Look at figure 13. There's a graph of power usage between a GTX 780 (Kepler) and a GTX970 (Maxwell).

Rather than regulations on SLI/CF, could we instead see a "cash for clunkers" program, for older, less energy-efficient PC components like GPUs? Free gov't-sponsored GPU trade-in program, everyone gets a free upgrade to 16nm Pascal?

I haven't read the whole paper yet, but do they analyze the historical energy-efficiency changes that have come about from node-shrinks?

I notice that they mention I think the PS3 console took 180W in Game Mode when it came out, but later iterations only took 70W. But they didn't explain further, that the primary driver behind that energy efficiency was node shrinks.

At least in the USA, mandatory energy efficiency standards do not
exist for any components found in gaming computers.
Maybe that's their angle? I would prefer, instead of "mandatory energy-efficiency standards", that instead, we have some sort of labeling standard for (especially) video cards, as to their actual maximum, as well as average power draw, in watts. The free market will do the rest.

IMHO, the industry is already making leaps and bounds as far as energy efficiency is concerned. Those lucrative super-computer contracts sure are good motivators for perf/watt increases.
 
Last edited:
The system in my signature with a mild overclock draws around 45w (plus monitor and speakers) under normal desktop usage, and less than 200w even under worst-case scenarios. Granted, this isn't a high-end machine, but even moving up to a GTX970 wouldn't change those numbers considerably; maybe 50w extra under load.

What they need to do is porting nVidia Optimus or AMD Hybrid Graphics to Desktop. I always thought that it is extremely retarded that the most power inefficient thing you can do to a computer (Besides highs overclocking when you need to add 0.1V for a mere 100 or 200 MHz), is adding a Video Card that will always be annoying you with extra noise and power consumption.
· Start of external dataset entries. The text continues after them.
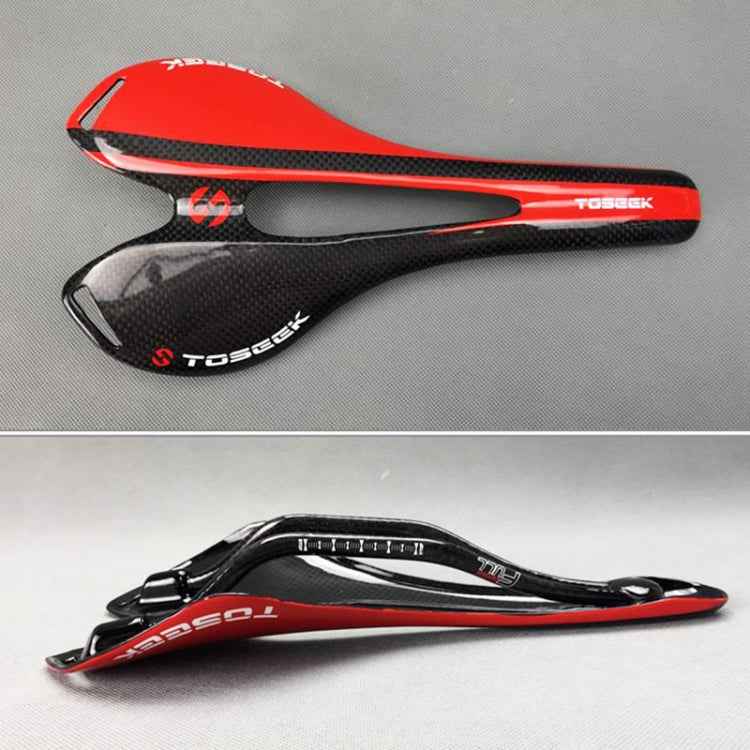 TOSEEK Road Bike Carbon Fiber Seat Bicycle Hollow Seat Saddle, 3K Texture + Light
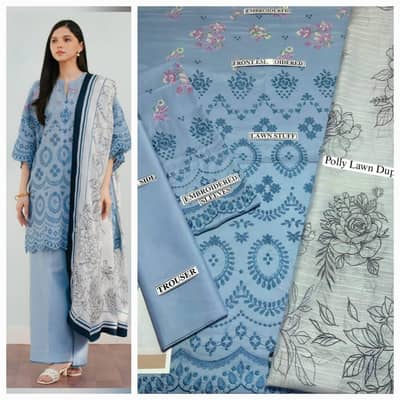 Alvion 3pc Heavy Embroidered lawn articlea
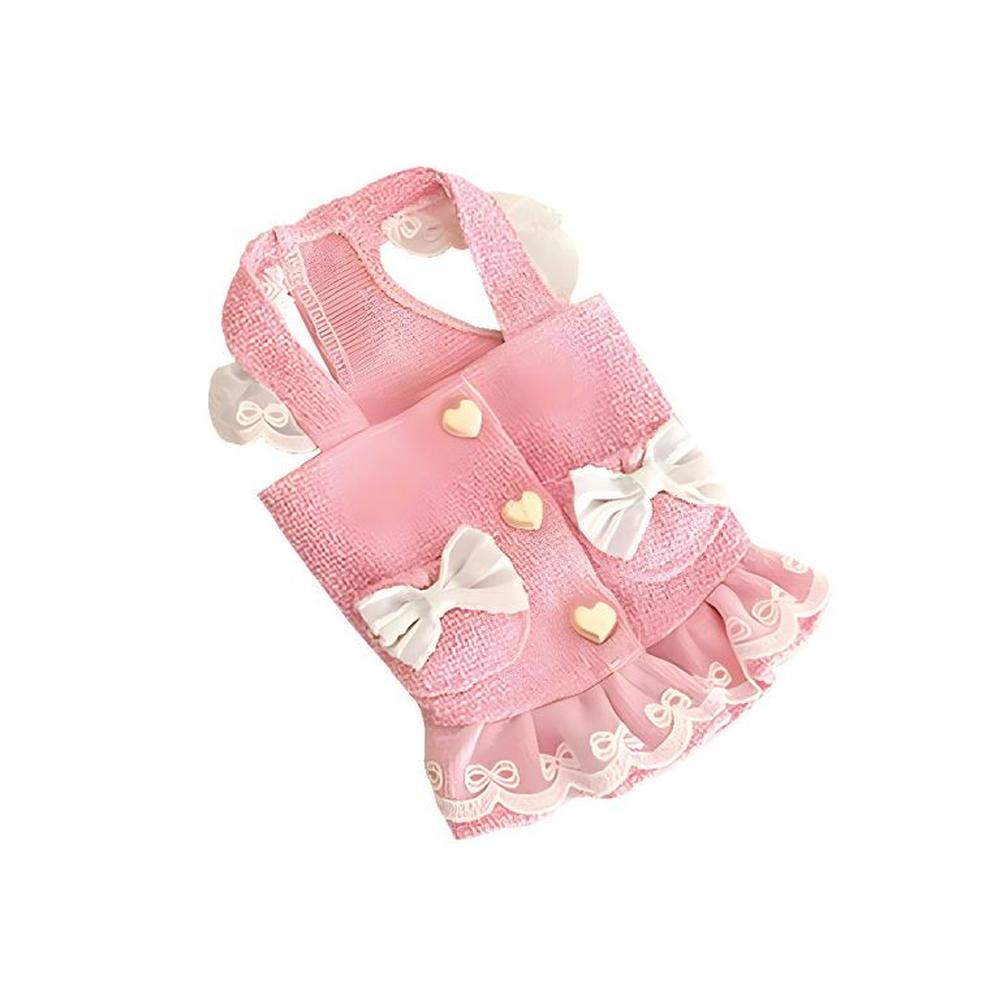 Ropa Para Perros Vestido Lazos Rosado - Talla XS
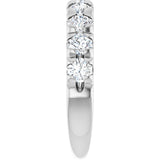 14K Gold Round Lab-Grown Diamond French-Set Anniversary Band – 1 1/3–1 3/8 CTW - White Gold - view 4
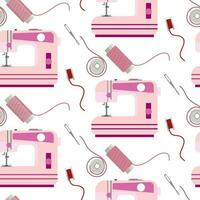 Seamless pattern, hand-drawn with sewing tools. A spool of thread, a bobbin, colored threads and a sewing machine, all on a white background. Printing on paper and textiles vector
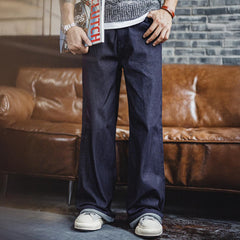 MADEN Herren 15,6oz Selvedge Raw Denim Gerade Jeans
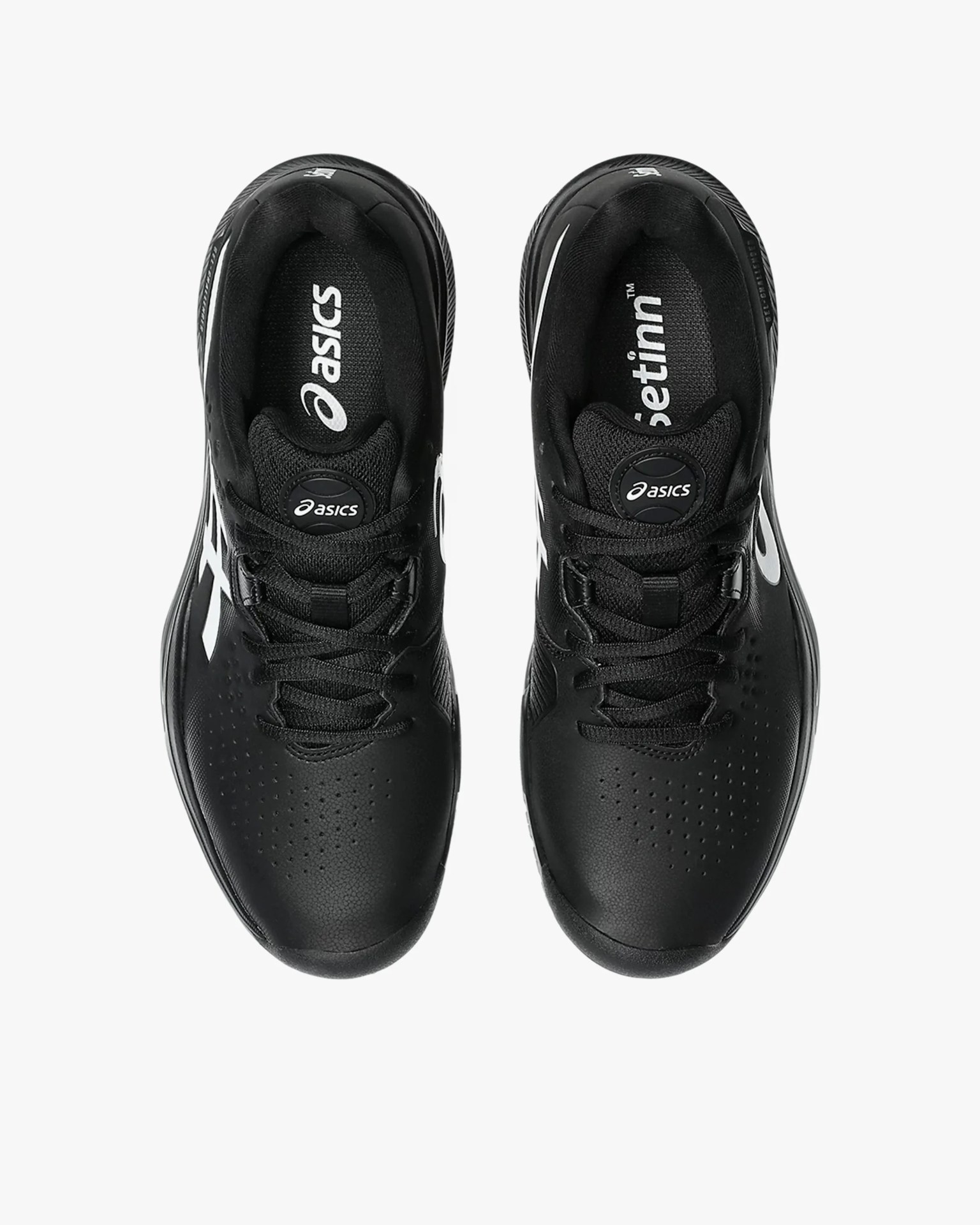 Pair of black Asics running shoes with white logo and black laces viewed from above.
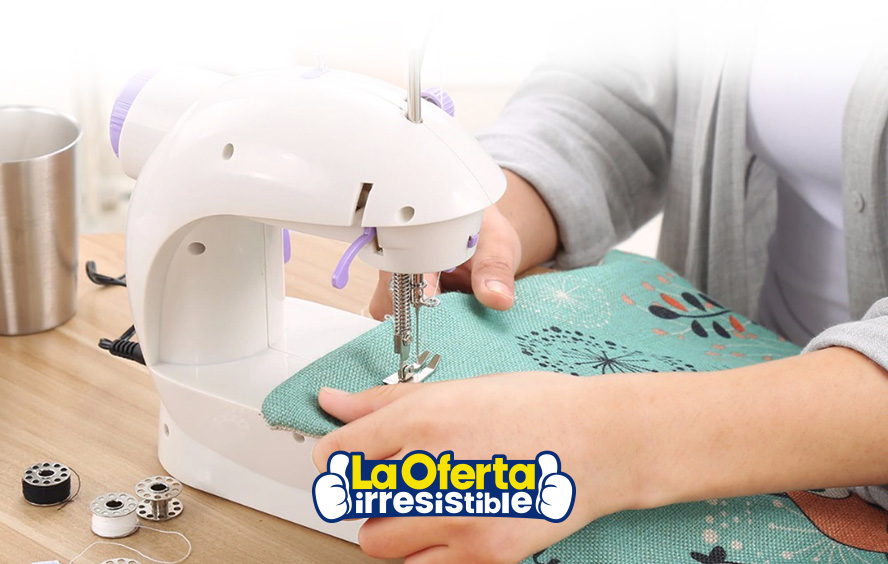 Mini máquina de coser para principiantes, máquina de coser portátil de 48  piezas, máquina de coser pequeña de doble velocidad, máquina de coser para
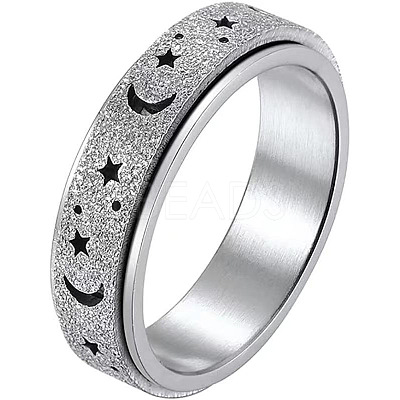 Non-Tarnish 201 Stainless Steel Moon and Star Rotatable Finger Ring MOST-PW0001-005F-05-1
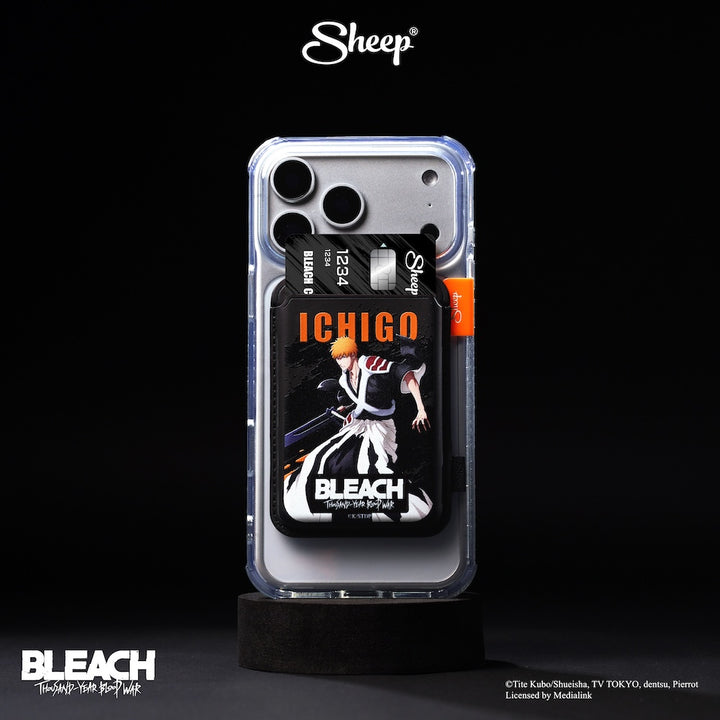 เคสใส่บัตร คุโรซากิ อิจิโกะ bleach บลีช เทพมรณะ ss8 phone wallet สีดำ ที่ใส่บัตร แปะมือถือ kurosaki ichigo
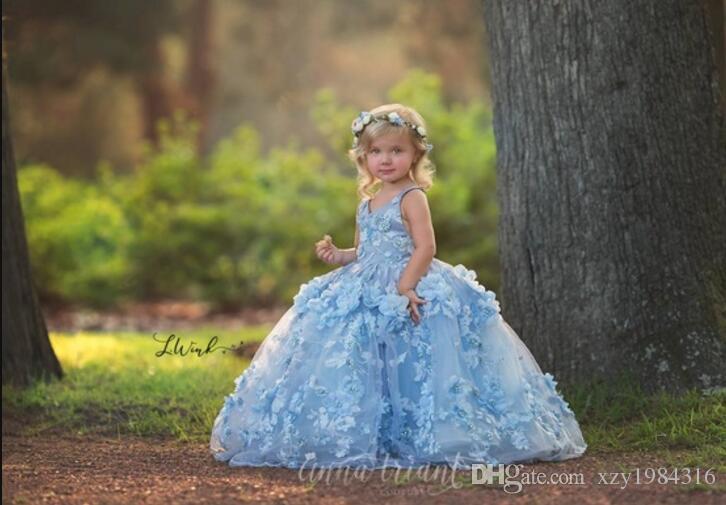 Lovely Blue Flower Girls Dresses V Neck Beads Handmade Flowers Toddlers Pageant Dress Floor Length Princess Party Gowns For Wedding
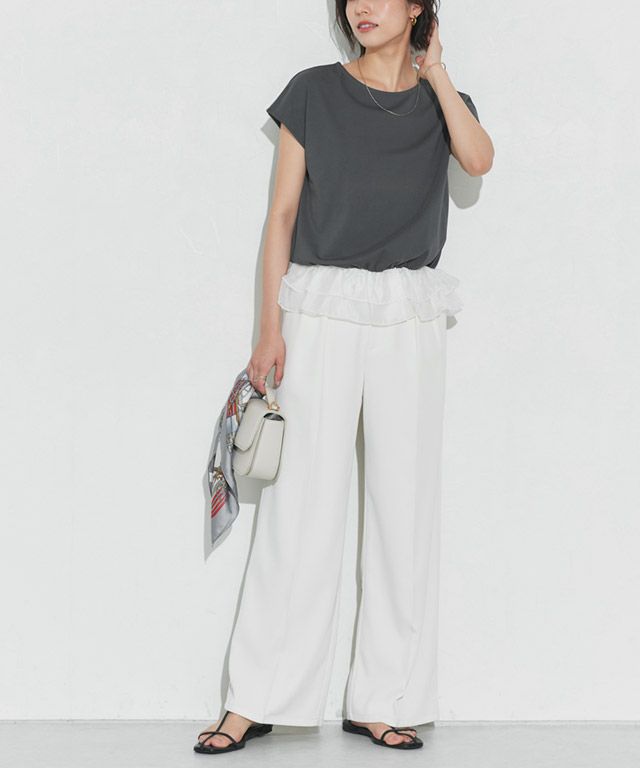 167cm / チャコール×オフホワイト / M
If would be interesing to get a working config where it can be turned on/off on demand for people that doesn't care about some extra delay.

When not running a game, most modern video cards only add 10-15w to the total system power consumption. Most modern components don't draw much power at idle. I imagine the big offenders at low-load are probably desktop motherboards and power supplies. Moving from a full ATX board to ITX and from a 650w PSU to a 380w dropped my idle power consumption in half.